Retail trade bodies have labelled the government’s draft code of practice for alcohol retailers as “confusing” and “bad for competition”.

In the Home Office's 'Consultation on the new code of practice for alcohol retailers', the proposed mandatory code requires retailers to display information about the alcohol unit content of drinks and the impact on health.
The government also suggested a flexible set of conditions that could be imposed at the discretion of  local authorities. These include banning bulk buy promotions where a consumer must buy a certain amount of alcohol to obtain a discount, and requiring staff to operate a Challenge 21 policy.
Any premises that are found to be breaching the mandatory code or local discretionary conditions could face a range of sanctions including loss of licence, having additional conditions imposed on their license, or on summary conviction, a maximum £20,000 fine and/or six months imprisonment.
The government decided not to proceed with the rumoured minimum unit pricing, as it said that it would punish unfairly the sensible majority of moderate and sensible drinkers. The consultation did commit to further researching the subject.
Association of Convenience Stores chief executive James Lowman urged Home Secretary Jacqui Smith to think carefully about the confusion that these proposed changes will bring in.
“These new proposals will confuse licensing officers, retailers and local people who are already using the Licensing Act effectively to tackle problems.”

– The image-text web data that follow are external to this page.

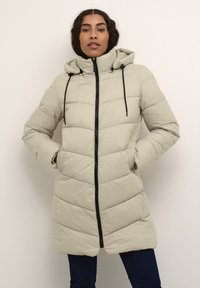 Light beige padded coat with a hood, black zipper, adjustable drawstrings, and chevron quilting design. Front pockets included.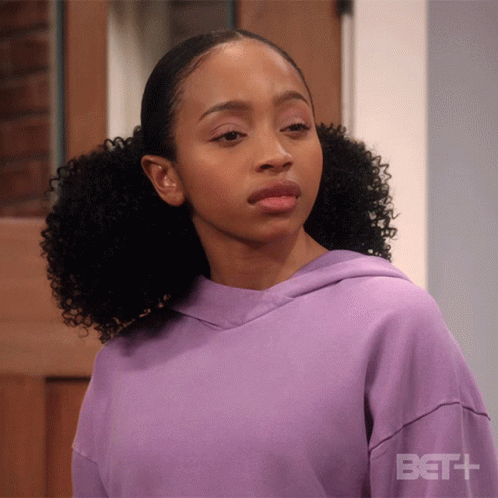 A Woman Wearing A Purple Hoodie With Bet + Written On The Sleeve GIF
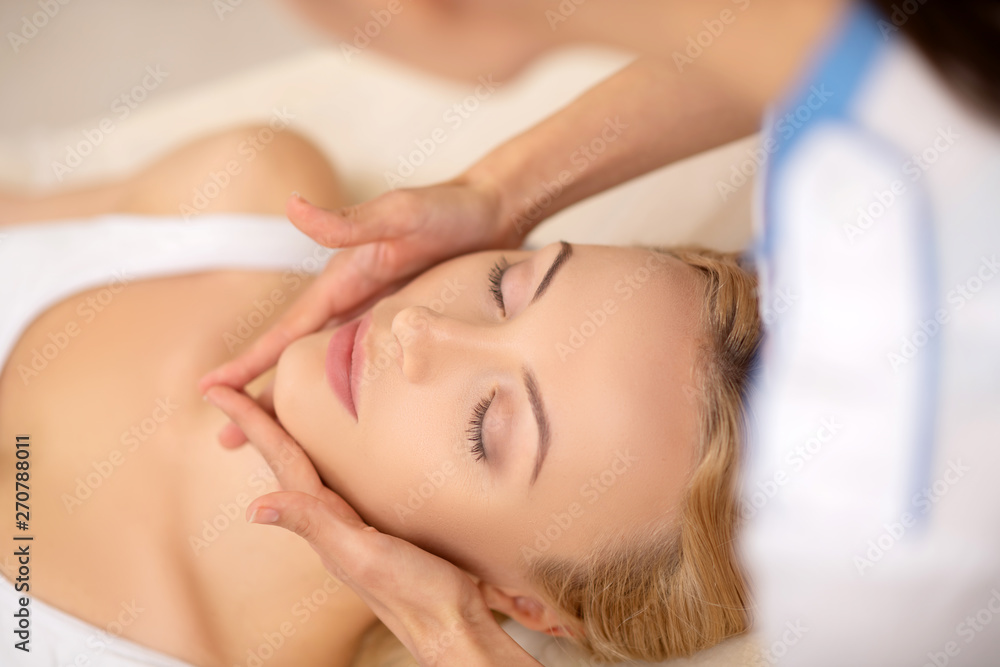 Woman closing her eyes while enjoying face massage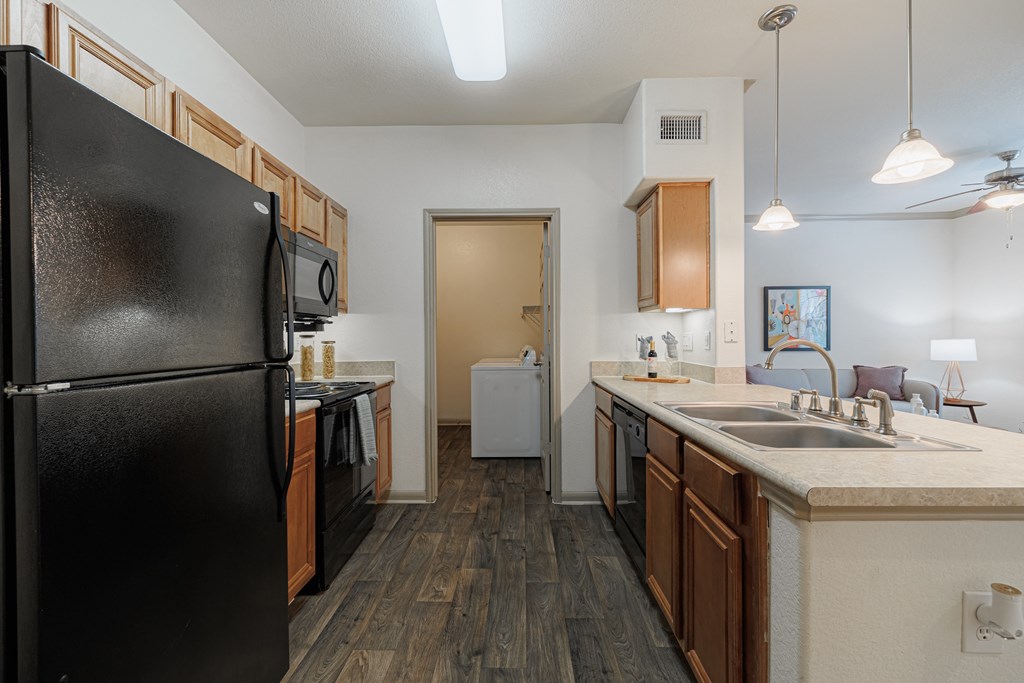 a kitchen with black appliances and a sink and a refrigerator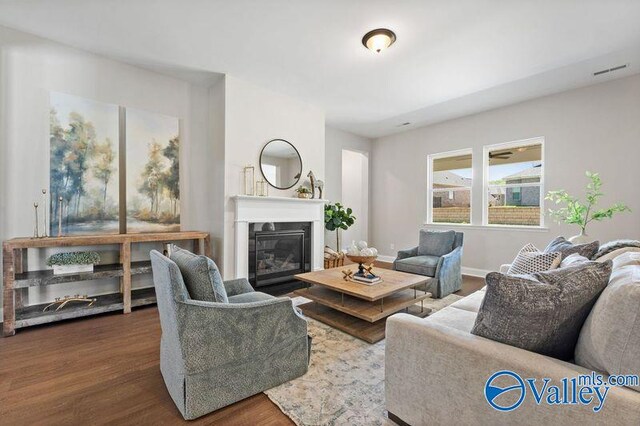 living area featuring wood finished floors, baseboards, a glass covered fireplace, and visible vents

Lowman added that proposing to make it a condition on a license that premises adopt a Challenge 21 policy is ill-conceived. He said: “If a Local Authority imposed this option, a retailer selling alcohol to a 20-year-old would potentially face a tougher penalty than if they sold to a 14-year-old.”
British Retail Consortium director general Stephen Robertson welcomed the government’s rejection of minimum pricing. However he criticised its proposed ban on shop promotions.  “Allowing local authorities to single out individual stores and their customers for promotions bans would deny people access to value and could undermine local grocery-market competition,” he said.